Let $\mathcal{B}_n(c)$ be a (zero-centered) ball of integer vectors of radius at most $c$.
Let $\mathcal{L}(A)$ be the lattice generated by a matrix $A$, which we will assume is uniformly random.
Then, we have that
\begin{align*}
\Pr_A[\lambda_1(\mathcal{L}(A)) > c] &= 1 - \Pr_A[\lambda_1(\mathcal{L}(A)) \leq c]\\
& 1 - \Pr_A[\mathcal{L}(A) \cap \mathcal{B}(c) = \{0\}]\\
&\geq 1 - |\mathcal{B}(c)\setminus\{0\}| \max_{z\in\mathcal{B}(c)\setminus\{0\}}\Pr_A[z \in\mathcal{L}(A)].
\end{align*}
All that we have done now is rearrange things, and apply the union bound.
All that remains is to
- estimate $|\mathcal{B}(c)\setminus\{0\}|$, and
- compute $\Pr_A[z \in\mathcal{L}(A)]$.
The first is a standard (mathematical) computation, see claim 8.2.
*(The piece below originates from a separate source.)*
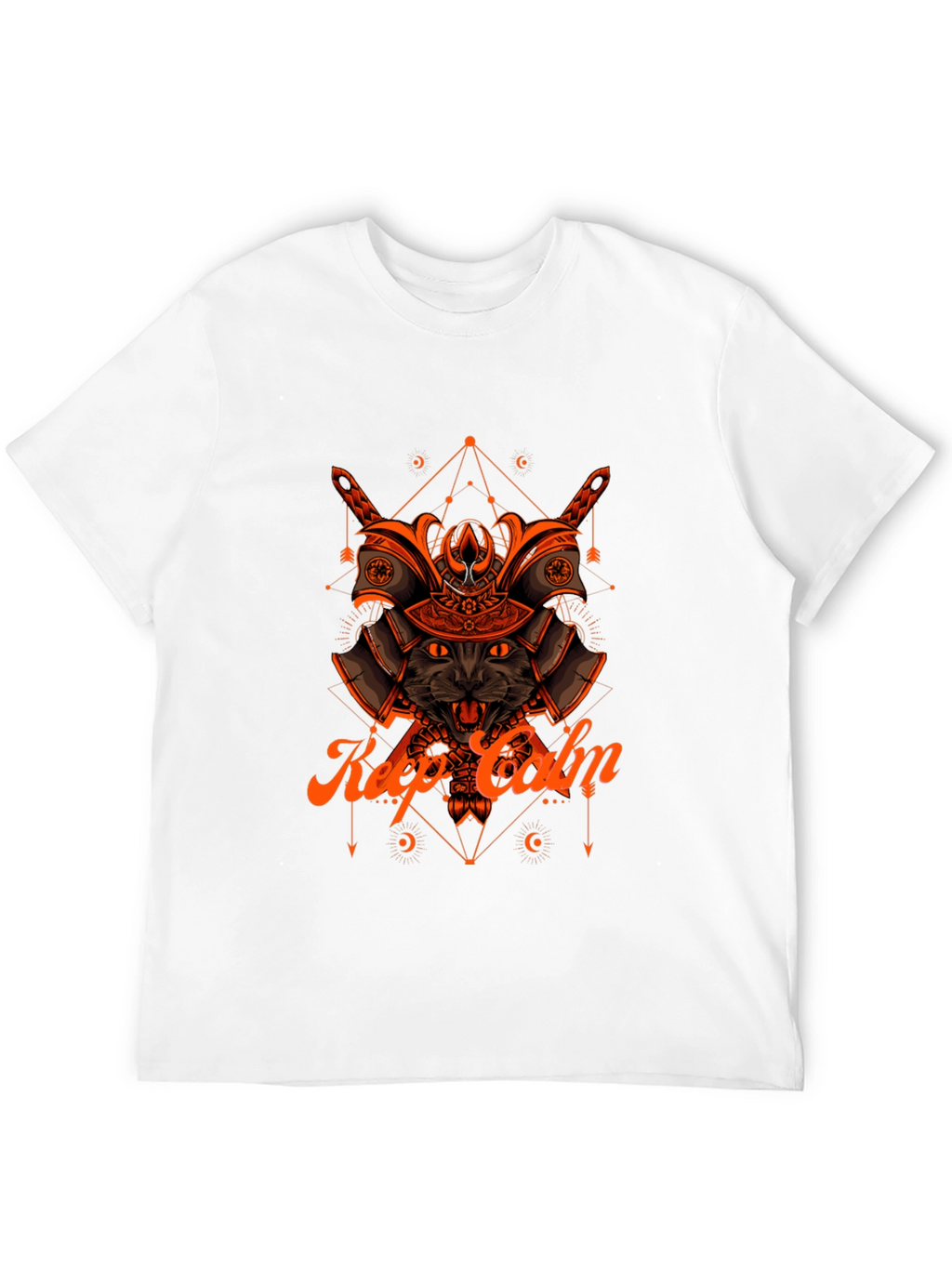 Samurai Cat T-Shirt - Keep Calm Graphic Tee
The second is also standard (at least for integer lattices) --- one has that
$$\max_{z\neq 0}\Pr_A[z \in\mathcal{L}(A)] = \frac{|\mathcal{L}(A)\setminus \{0\}|}{|\mathbb{Z}^n/q\mathbb{Z}^n\setminus\{0\}|} = \frac{q^n-1}{\det \mathcal{L}(A) - 1}.$$
For integer lattices, it is straightforward to compute $\det \mathcal{L}(A)$ (see for example this).
But this is (roughly) what we are trying to lower bound in the ideal case, i.e. we reduced lower bounding $N(a)$ to lower bounding $\lambda_1(a\mathcal{O}_K)$ to lower bounding $\det a\mathcal{O}_K \approx N(a)\dots$